Starting with the first line of the data below, copy each line up to and including the one containing "Selena Quintanilla black coat". Pictures stay out.

(Beginning of Data segment)

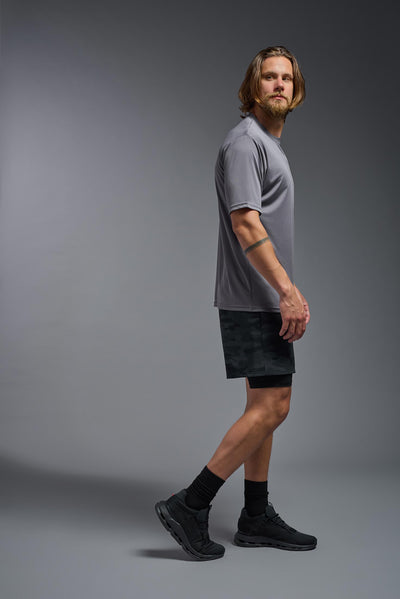 A blonde male model with a beard on a gray background, wearing the Men's DriMax Expert Tee Shirt in the color steel from a full body side view. This shirt is made in the USA and is quick-drying and moisture-wicking. #color_steel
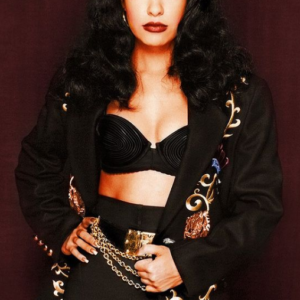 Selena Quintanilla black coat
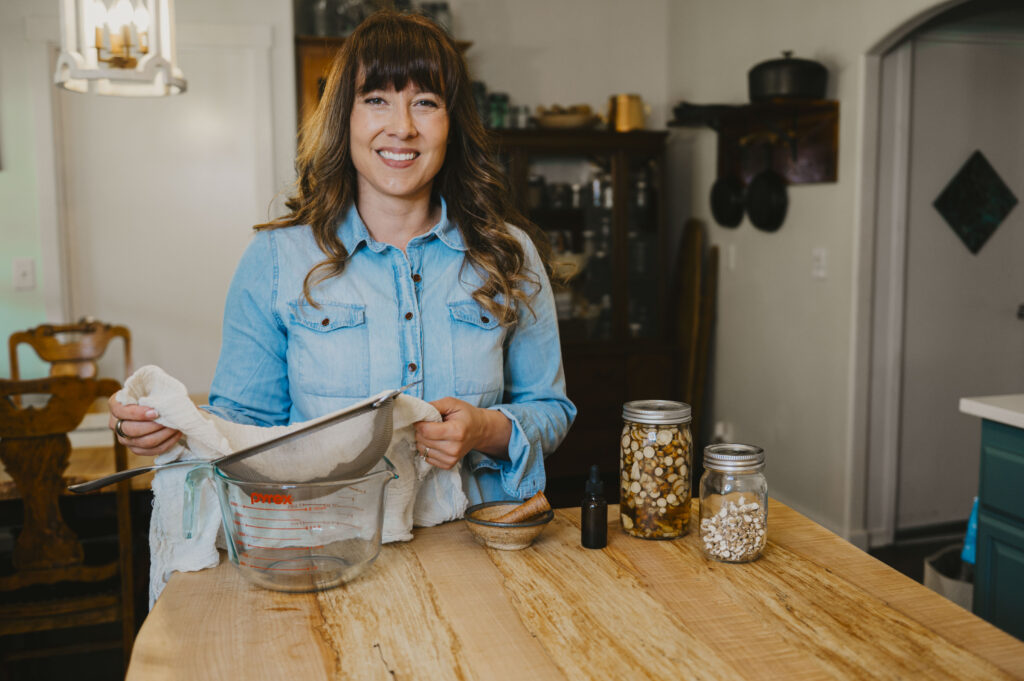 A woman standing at her kitchen island with jars of dried herbs, an amber tincture bottle and a pottery mortar and pestal straining an herbal tincture into a bowl.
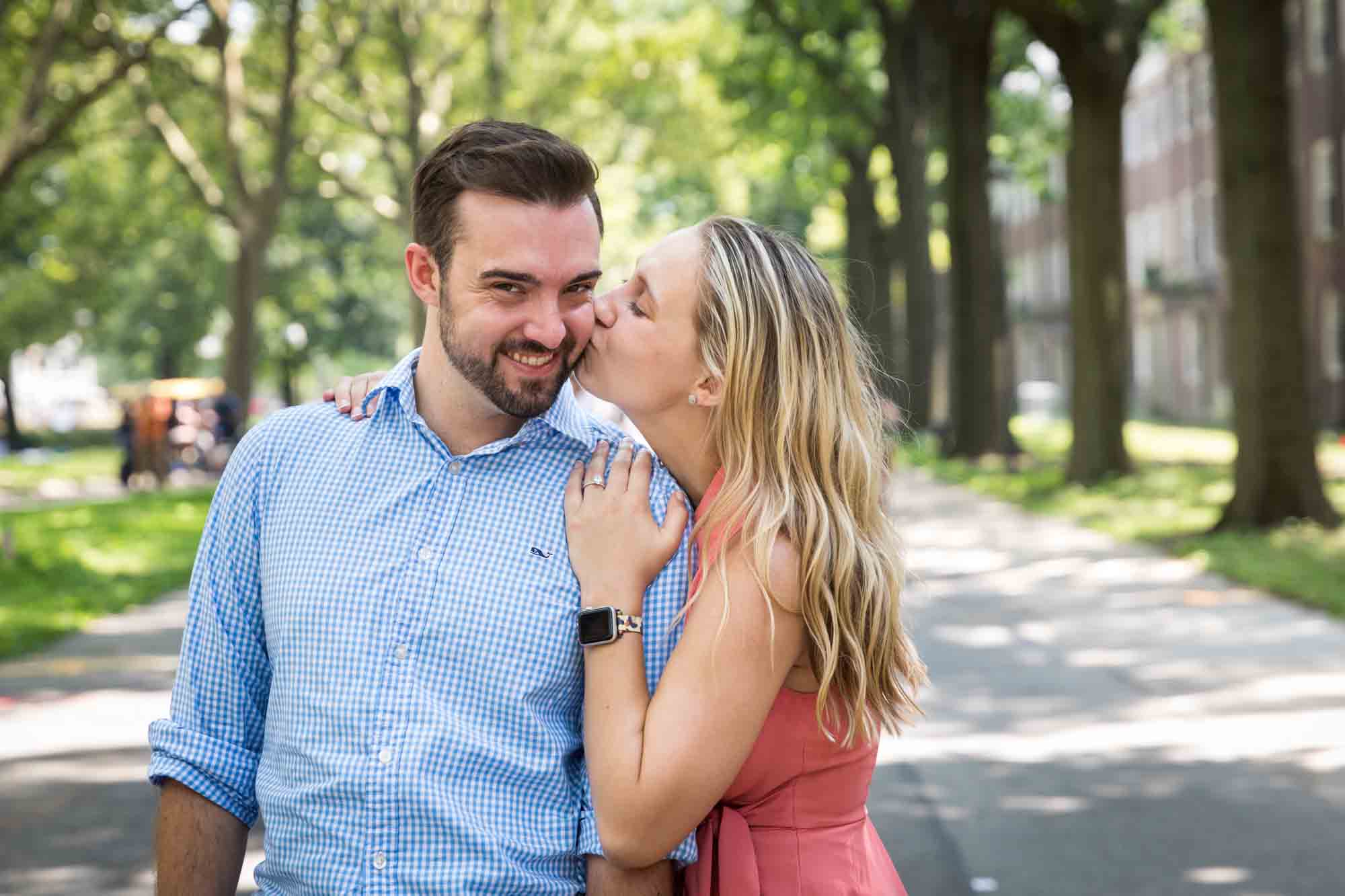 Woman kissing man's cheek on Colonels Row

(End of Data segment)

- Solution
 A blonde male model with a beard on a gray background, wearing the Men's DriMax Expert Tee Shirt in the color steel from a full body side view. This shirt is made in the USA and is quick-drying and moisture-wicking. #color_steel
 Selena Quintanilla black coat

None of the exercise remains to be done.